浜辺には小さなかき氷屋が一軒。店主は、ミステリアスな女性サクラ(もたいまさこ)。彼女は、毎春、かき氷をふるまうためだけに来島していた。皆からこのかき氷を食べるよう勧められるタエコだが、初めは頑なに拒否。だが、あるきっかけで一口食べるや「はっ」と何かを悟ったような顔をする。かき氷にかかったあずきソースのおいしさになのか? サクラの存在になのか?
島民に自作の「メルシー体操」の指導も行うサクラは、春以外は、チベットでヨガを教えているだの、プラハでオペラ教えているだの、謎めいている。自分自身が旅人であるにもかかわらず、サクラは人々が交差するのを見守る存在。タエコが泊る民宿のおやじハマダ(光石研)は、サクラのかき氷に惹かれて移住してきたと吐露する。サクラは、あずきを煮ながら誰にともなくいう。「大切なのは焦らないこと。焦らなければそのうちきっと……」と。
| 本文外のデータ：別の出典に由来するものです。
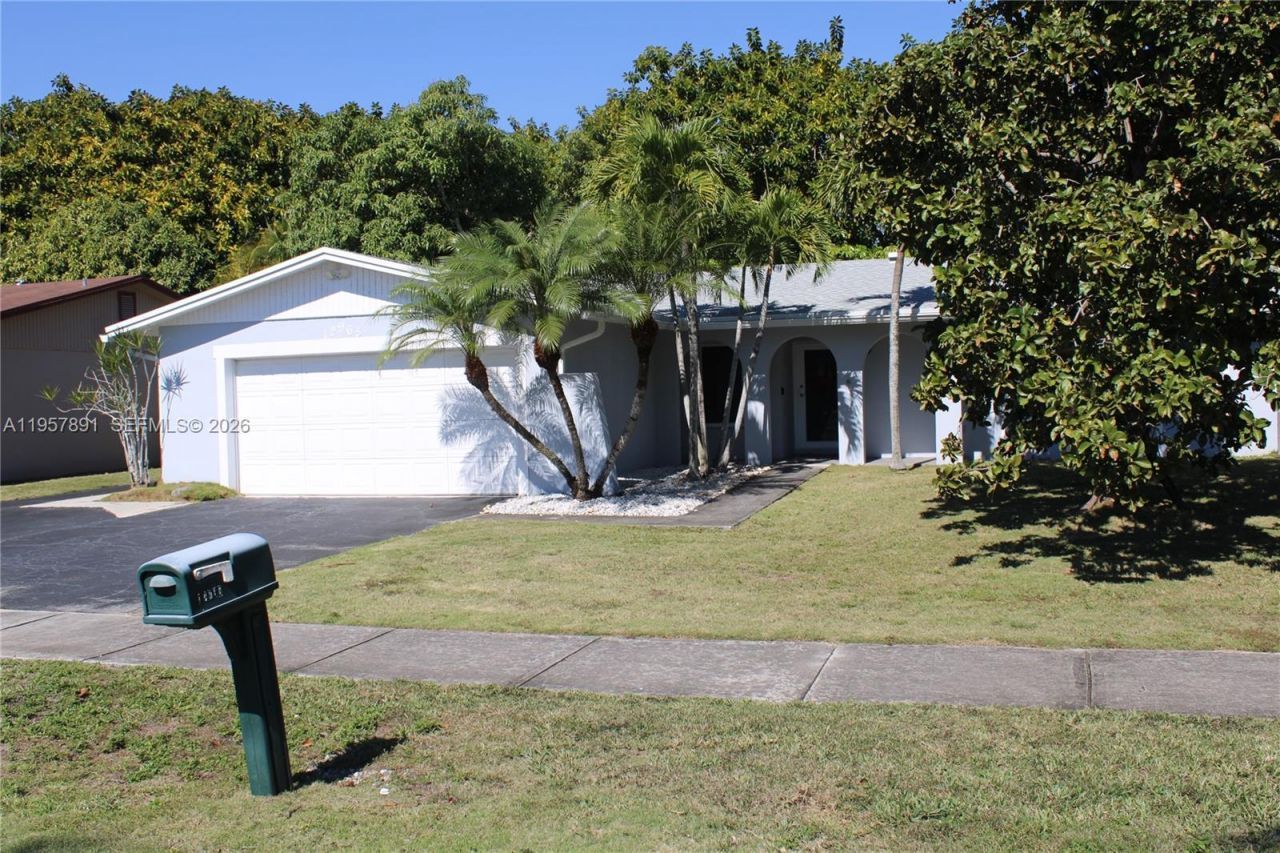 12965 SW 76th Ter , Miami, FL 33183 Photo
サクラがメルシー体操を行うのは、与論島の寺崎海岸。この体操、家の中にこもる時間の長い今、体を動かすにもぴったり。ビーチ気分が味わえて、体操までできる映画は貴重。
受け入れてくれる海『千と千尋の神隠し』
宮崎駿監督の大ヒット作『千と千尋の神隠し』(2001年)に登場するのは、神様専用の派手な銭湯“湯屋”の周囲に広がる、ボリビアのウユニ塩湖のような涼しげな遠浅の海だ。
https://youtu.be/etiQRSOkOIg
郊外の新興住宅地に転居する途中、道を間違えて八百万の神が穢れを落としに来る湯屋に迷い込んでしまう千尋の一家。名前を奪われ、“この世”に戻れなくなった千尋は、彼の地の食べ物を口にして豚になってしまった両親を救うため、経営者である魔女・湯婆婆と契約。ミステリアスな少年ハクに助けられ、暴れる化け物カオナシをなだめ、湯屋で働く。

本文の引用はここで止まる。